(Stored data entries)
§

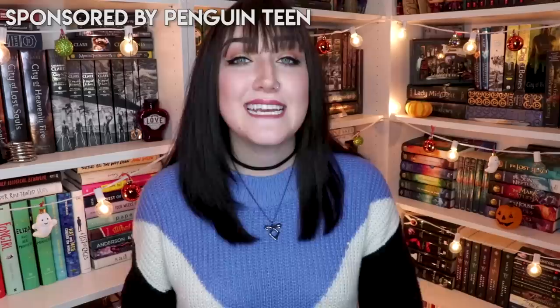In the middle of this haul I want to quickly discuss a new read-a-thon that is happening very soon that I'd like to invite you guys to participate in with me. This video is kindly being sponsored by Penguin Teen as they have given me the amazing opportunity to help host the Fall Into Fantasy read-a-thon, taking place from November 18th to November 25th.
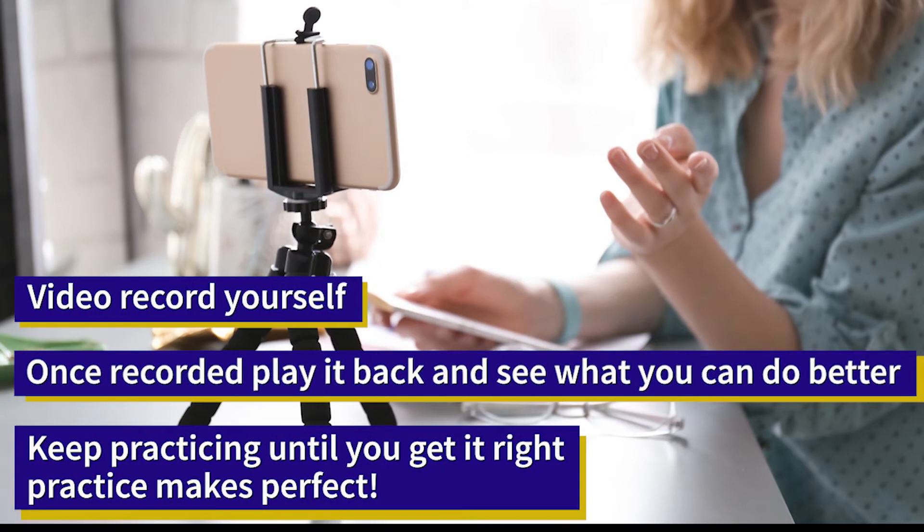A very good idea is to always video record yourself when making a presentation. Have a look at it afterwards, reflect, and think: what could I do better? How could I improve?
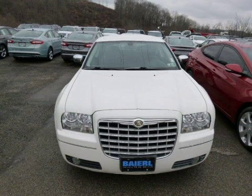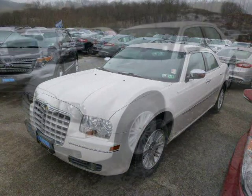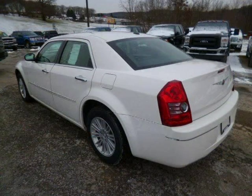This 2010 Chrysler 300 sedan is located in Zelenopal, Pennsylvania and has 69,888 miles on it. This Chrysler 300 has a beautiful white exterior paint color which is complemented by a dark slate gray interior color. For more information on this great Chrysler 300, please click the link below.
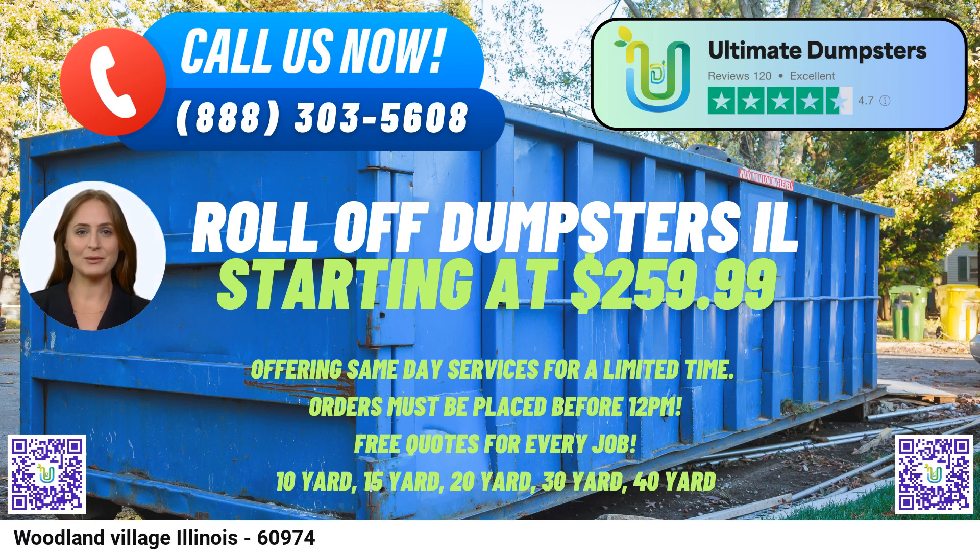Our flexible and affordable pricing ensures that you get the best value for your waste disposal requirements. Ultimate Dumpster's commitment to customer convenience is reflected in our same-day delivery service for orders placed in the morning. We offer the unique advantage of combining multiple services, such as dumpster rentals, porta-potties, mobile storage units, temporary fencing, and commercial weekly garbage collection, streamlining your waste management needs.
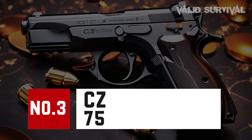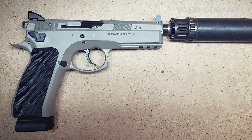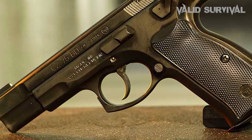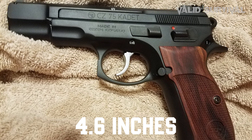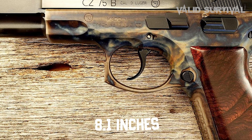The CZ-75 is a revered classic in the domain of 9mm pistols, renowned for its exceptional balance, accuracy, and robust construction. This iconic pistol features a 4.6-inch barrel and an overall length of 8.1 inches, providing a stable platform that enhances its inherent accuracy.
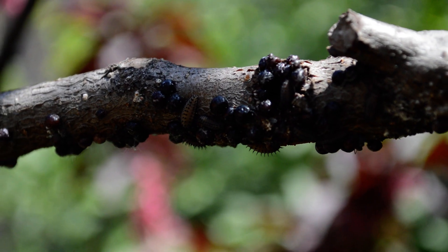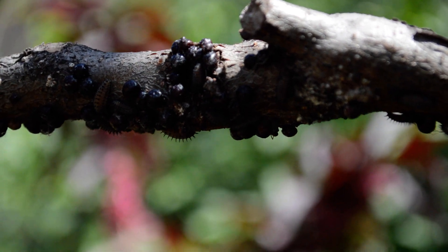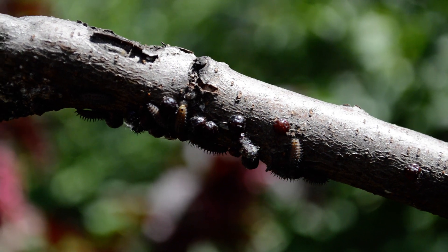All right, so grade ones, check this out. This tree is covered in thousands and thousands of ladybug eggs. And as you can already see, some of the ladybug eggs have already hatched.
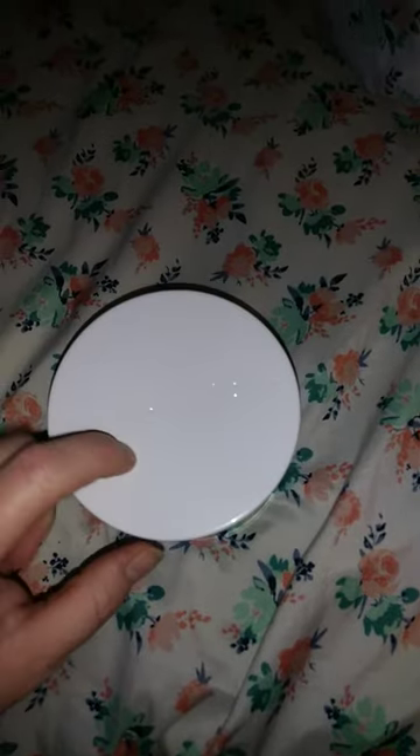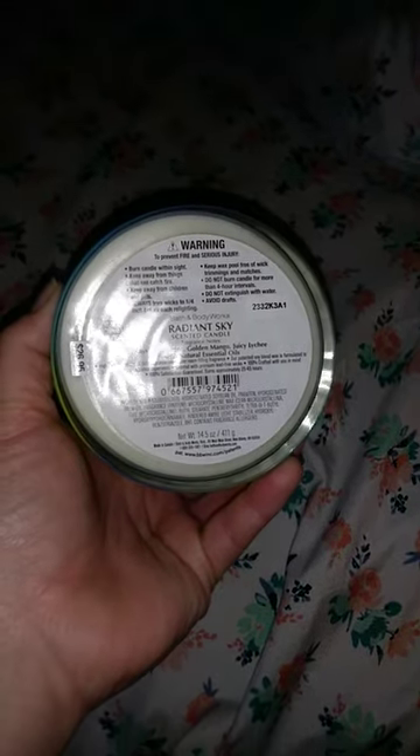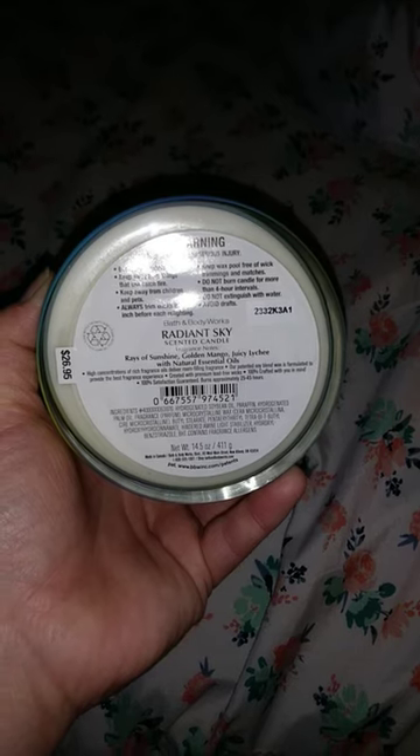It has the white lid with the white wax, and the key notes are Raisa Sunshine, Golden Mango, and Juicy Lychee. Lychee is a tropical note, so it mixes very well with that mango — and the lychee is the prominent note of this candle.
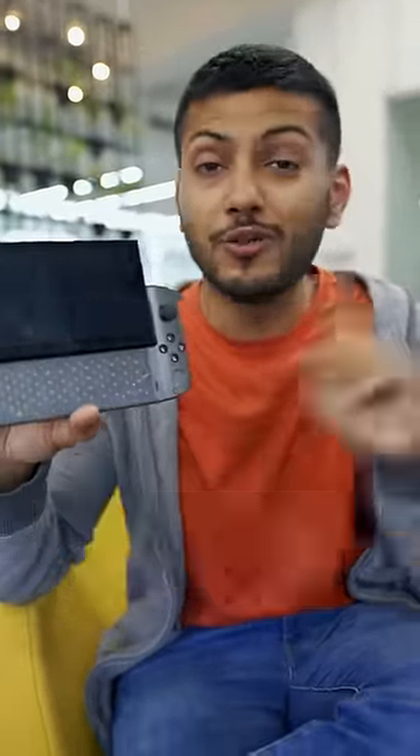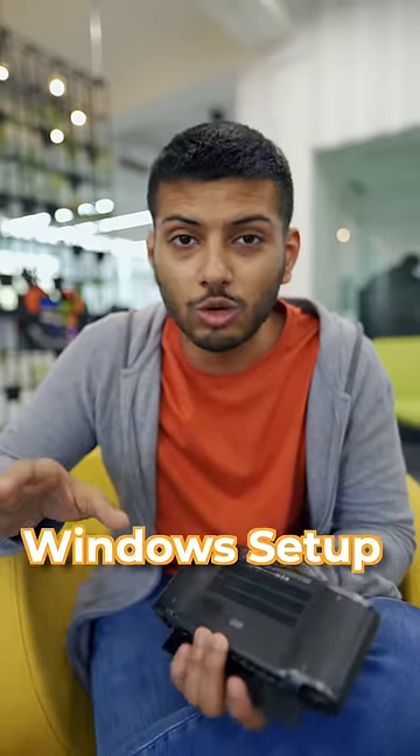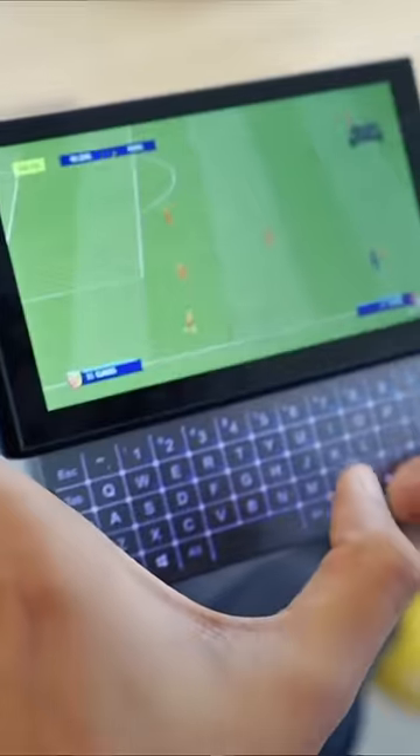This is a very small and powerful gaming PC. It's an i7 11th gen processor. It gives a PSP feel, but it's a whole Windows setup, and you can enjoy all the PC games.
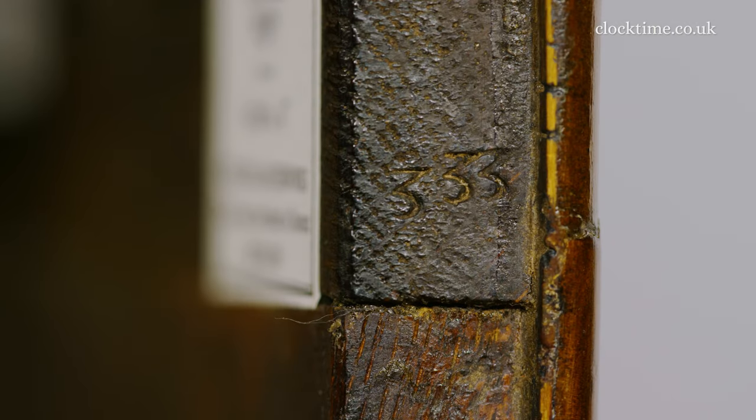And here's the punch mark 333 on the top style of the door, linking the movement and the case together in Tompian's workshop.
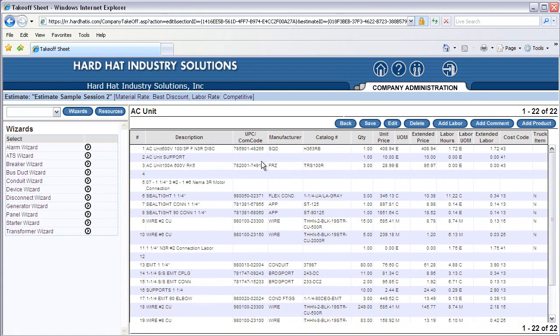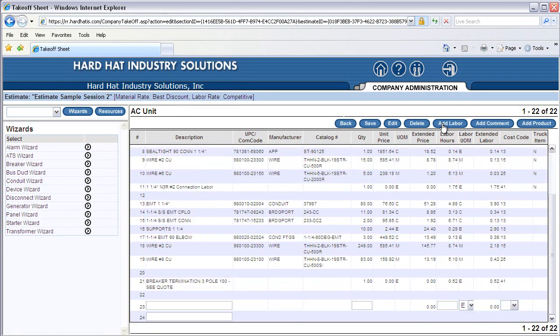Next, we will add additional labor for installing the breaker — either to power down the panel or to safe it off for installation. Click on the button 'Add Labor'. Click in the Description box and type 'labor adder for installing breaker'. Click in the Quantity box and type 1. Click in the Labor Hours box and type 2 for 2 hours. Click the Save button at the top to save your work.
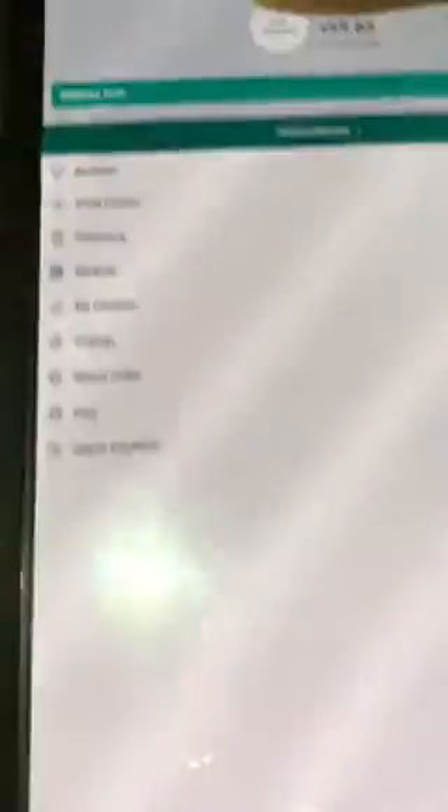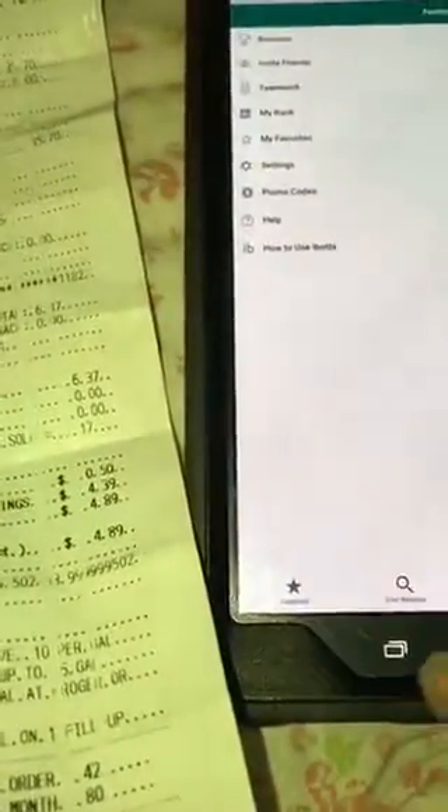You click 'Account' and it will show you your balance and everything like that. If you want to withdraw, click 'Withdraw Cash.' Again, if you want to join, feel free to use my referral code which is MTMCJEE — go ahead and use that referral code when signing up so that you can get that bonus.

§

__EXERCISE GOAL__: Only the lines from the one containing "And here's the" through the final line of the records should be transcribed, exactly and with no pictures.

__WRITTEN SOLUTION__:
And here's the punch mark 333 on the top style of the door, linking the movement and the case together in Tompian's workshop.
Next, we will add additional labor for installing the breaker — either to power down the panel or to safe it off for installation. Click on the button 'Add Labor'. Click in the Description box and type 'labor adder for installing breaker'. Click in the Quantity box and type 1. Click in the Labor Hours box and type 2 for 2 hours. Click the Save button at the top to save your work.
You click 'Account' and it will show you your balance and everything like that. If you want to withdraw, click 'Withdraw Cash.' Again, if you want to join, feel free to use my referral code which is MTMCJEE — go ahead and use that referral code when signing up so that you can get that bonus.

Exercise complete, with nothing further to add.